Other items to keep in mind is that completed gifts of QSBS are subject to gift tax rules and reporting requirements and you should always consider state tax ramifications as Ann, and I believe Christopher, both mentioned that not all states follow the federal treatment of QSBS. A lot of questions came in about the gifting shares and how to value them for gift tax purposes. You need a qualified appraisal that meets all of the adequate disclosure rules under the Internal Revenue Code and treasury regulations. Often we're asked if the 409A valuations can be used, and the answer is usually no. It's not acceptable. They don't meet the adequate disclosure rules.

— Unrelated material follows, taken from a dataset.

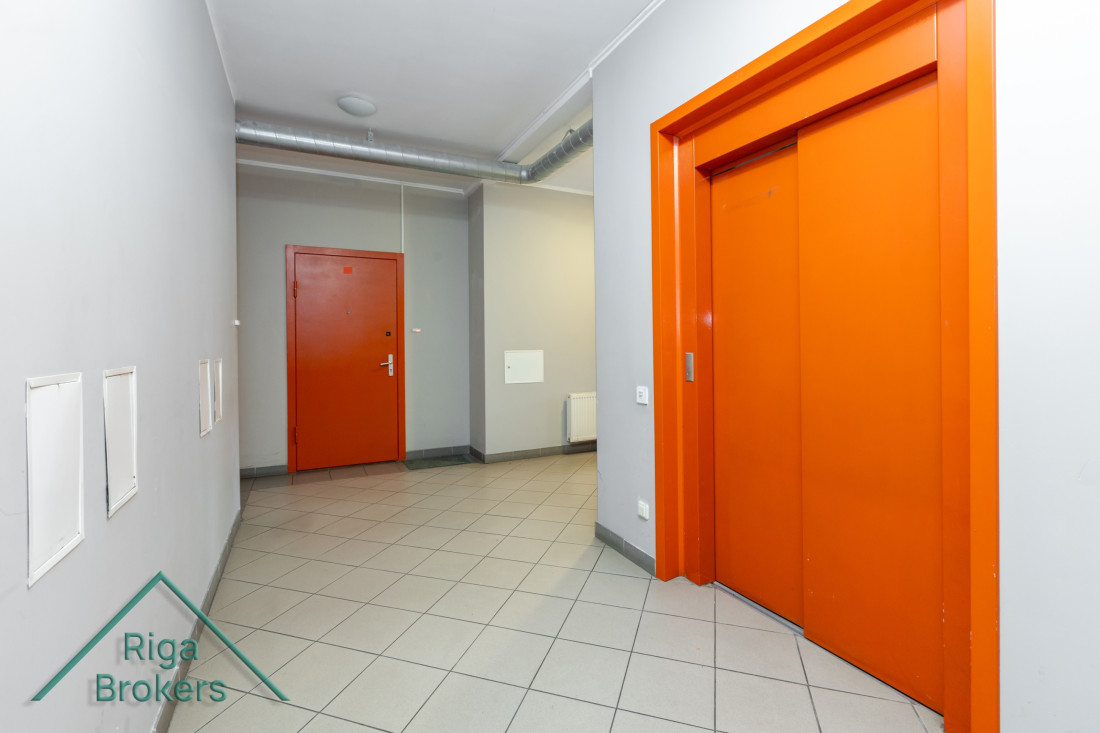 Bright corridor with orange doors and elevator.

Ultimately, it's up to your tax advisor, but there may be an audit risk if you do go with a 409 valuation.

So, what happens when the company is acquired before the shares hit the five-year holding period? So, non-taxable transactions, I'm going to put them in three buckets. The first one is that your QSBS stock is acquired in a stock transaction by a company whose stock is a QSBS-qualified company. The stock you receive maintains the same holding period and the same QSBS treatment. And you can also accumulate more QSBS tax gains to be included in the exclusion when you ultimately sell the second QSBS.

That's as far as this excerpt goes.